The Briary Gap Cultural Centre, a concert and drama venue, screens interesting films regularly.
There are several good pubs and eateries in Macroom, notably MacCarthy’s Restaurant & Antique Shop and the Muesli Café.
Accomodation facilities range from the centrally located Lee Valley Hotel (popular for wedding receptions, with a nightclub often used for stag / hen parties) and the family-run Castle Hotel to numerous B&Bs.
Macroom’s main square, lined by houses dating from c.1750 and imaginatively called The Square, is filled with colourful stalls every Tuesday for the weekly Farmers’ Market.
Macroom Castle, attributed by some to Prince John, was probably built by the Carews c.1206, and was occupied for several centuries by members of the Flynn and MacCarthy clans. (Photo – www.tripadvisor.ie)
The castle was taken on 10th May 1650 at the Battle of Macroom, when a Royalist force led by David Roche was utterly routed by a Parliamentarian force under Roger Boyle, Baron Broghill; five or six hundred Irish soldiers were killed, including the prisoners Boyle had taken, except for the Castle’s nominal defender, Archbishop Boetus McEgan, who died heroically the next day at Carrigadrohid.
The castle was granted to Admiral Penn, father of William Penn, who spent part of his childhood here, and later passed via the Hollow Sword Blade Company into the hands of the Bernard family of Bandon.
By the early C20th the castle was in the ownership of the glamorous Olivia, Lady Ardilaun (née White), sister of the last Earl of Bantry, who married Arthur Edward Guinness MP, heir of the brewing family.

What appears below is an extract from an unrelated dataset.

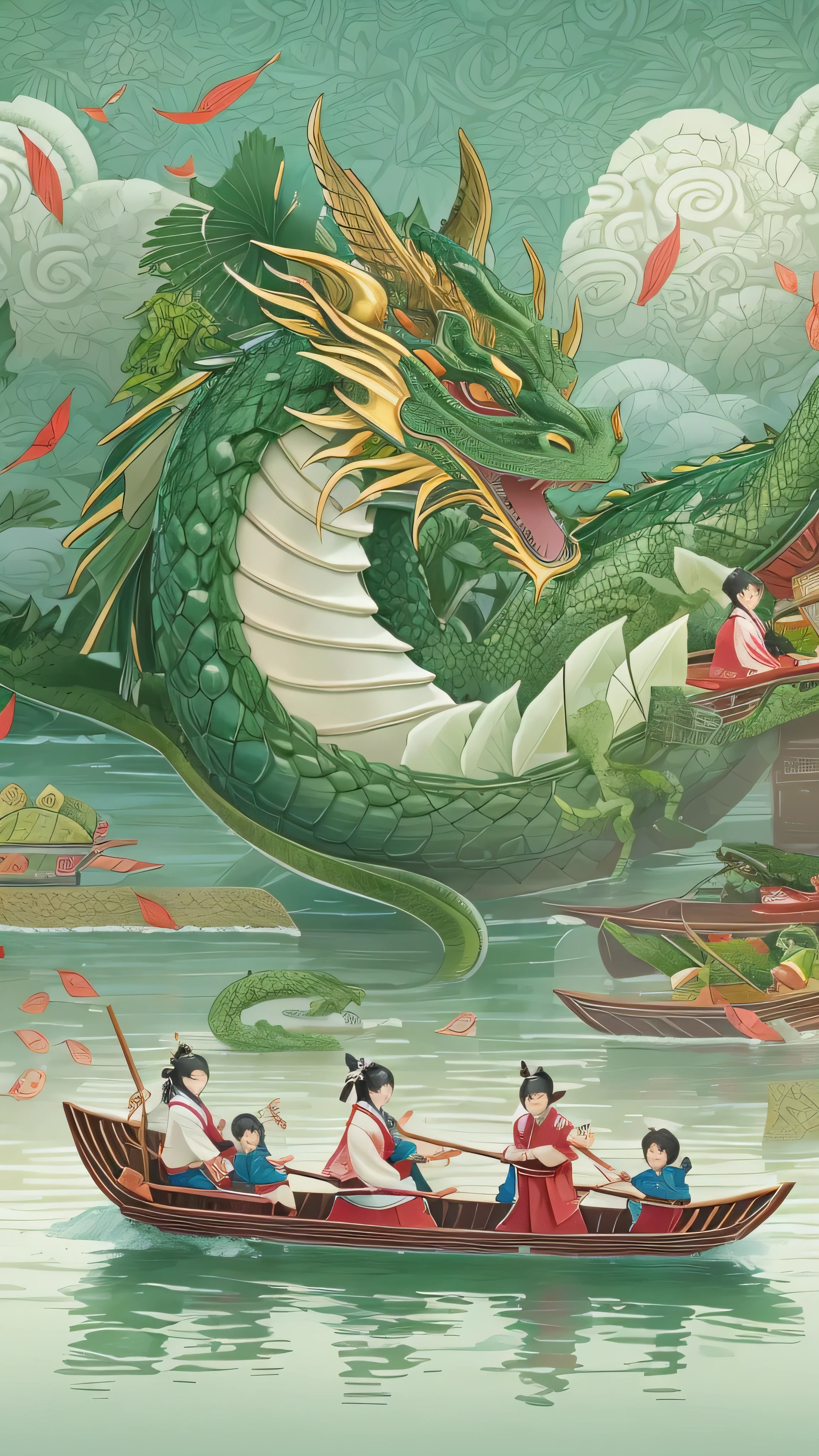  full body high definition image ,Dragon Boat Festival ,  There are 3 ren on the surface of the water wearing kimonos riding a dragon boat,  There are delicious rice dumplings on the boat , green zongzi are  super detailed ,  top quality ,  There are lotus leaves on the surface of the water ,  super detailed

When Macroom Castle was burnt (for the fourth time) in 1922, Lady Ardilaun gave the remains to the Irish people.
The gaunt ruin was mostly demolished in 1966 for safety reasons. The most impressive view of the almost intact west front of the keep is from the Sullane Bridge at the western end of town.
The Castle Arch admits walkers to large demesne parklands, featuring beautiful riverside walks among mature oak and beech trees. Unfortunately, there is also a golf course.

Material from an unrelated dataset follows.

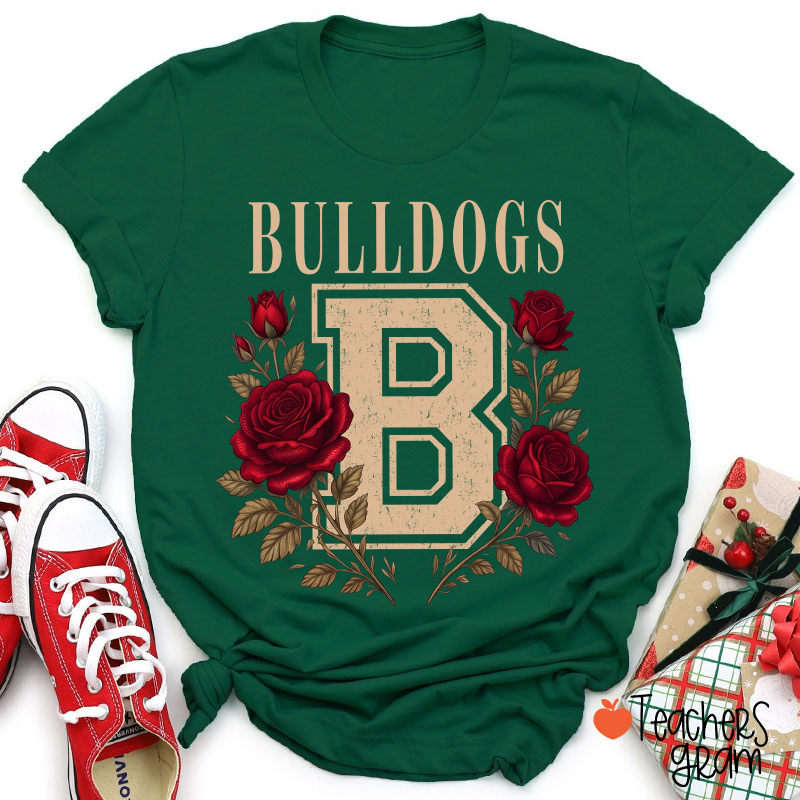 Personalized Mascot Sport Floral Initial Letter Teacher T‑Shirt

From 1919 to 1921, Macroom was the County Cork base of the British Auxiliary Division, 17 members of which were killed by the local IRA under Tom Barry at the Kilmichael Ambush, which took place in the townland of that name, just south of the River Lee, on 28th November 1920; a description compiled from various sources can be read here. British reprisals were savage.

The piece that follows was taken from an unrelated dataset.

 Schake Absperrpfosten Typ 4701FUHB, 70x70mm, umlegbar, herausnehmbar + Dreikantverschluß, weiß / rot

The former Church of Ireland edifice on Castle St. is derelict; there is some talk of restoration as a civic amenity. The atmospheric churchyard contains several interesting graves (Photo by Richard Fensome).
The Museum housed in the former Rectory has a collection of West Cork Hooded Cloaks, the normal rgional female attire within living memory.
Macroom has hosted major musical events ranging from the formerly annual Mountain Dew Rock Festival, which tended towards the Heavy Metal end of the spectrum (I attended twice in the late 1970s and enjoyed Whitesnake immensely) to more recent Country & Western stomps.
There are many Holy Wells, churches and other sites associated with visionaries and healers in the area.
Carrigastya, north of the town, is the location of a Famine Graveyard where paupers who died in Macroom’s Workhouse were buried; it was still in use as recently as 1937.
The Weirs is a local beauty spot about a mile from the centre of Macroom on the River Sullane, which flows eastwards to meet the River Lee at Two Mile Bridge.
Bealick / Bealach Leachta (“Stone Crossing”), at the confluence of the Rivers Sullane and Laney, is the site of Leacht Mahon, a large (ugly!) monolith, one of three stones raised to commemorate an important victory by Brian Boru in 978 AD against a mixed army of Norsemen and O’Mahony clansmen under their chieftain Maolmuidh, who had killed Brian Boru’s elder brother Mahon, king of Munster. It has been described as one of the “fiercest engagements ever fought in Muskerry“. Fulfilling a curse, Maolmuidh was buried under a harsh wind on the north side of the hill where the sun never shines.
Bealick Mill, now an attractive Heritage Centre, was built in 1797 by the local Harding landlord family of Firville, who later used the Macroom-Cork Direct Railway to transport produce for export and provided considerable relief during the Great Famine. It enabled Macroom to have electric street lighting as early as 1899. Francis St. Aubyn Horgan of Firville used it in conjunction with a nearby foundry to manufacture manhole covers, road signs etc. up to 1964. The original big millwheel, said to be the only one of its kind left in Ireland, still generates electricity. (Photo by rymus).
Ummera Forest commands great views of rich farmland, the Sheehy Mountains and the Lee River Valley with its lakes, streams and rolling hills. It is also a good spot for birdwatching.
The Gearagh (An Gaoire – Old Irish for “wooded river”), just south of Macroom, is an intricate tangle of narrow channels and many branching streams encircling a maze of islands covered with oak trees. Drowned stumps projecting from the water give the place a sinister air, reminiscent of an alligator swamp. This is the only remaining alluvial forest in the British Isles and probably Europe west of the Rhine.
Investigated by famous naturalists and scientists since the C19th, much of the original area was nonetheless destroyed in 1954 when a vast number of oaks were felled to make way for the reservoirs to drive the electricity generating station at Carrigadrohid. However, a remnant of the woodland remained and in 1987 the area was declared a statutory nature reserve.
The Gearagh’s combination of wetland and woods is of great natural importance as a habitat for very rare groupings of plants. The islands shelter otters, pigmy shrews, frogs, smooth newts, herons, wild duck, snipe, woodcock, curlew, lapwing and swans; during the autumn and winter months migratory birds arrive in vast numbers.
There are several well signposted walks through the Gearagh. These are necessary, as it is easy to get lost. It is said that a thousand people could spend a week in the Gearagh without meeting each other. Due to its isolation, the Gearagh was long notorious as a place of secret activities, notably the illegal distillation of poitin.
Sean Rua na Gaortha was a famous local Robin Hood figure whose daring exploits and miraculous escapes are part of the folklore of the area. He was hunted continually by the Militia, but always seemed to elude them in his home territory and by all accounts lived to a great age and died in his bed.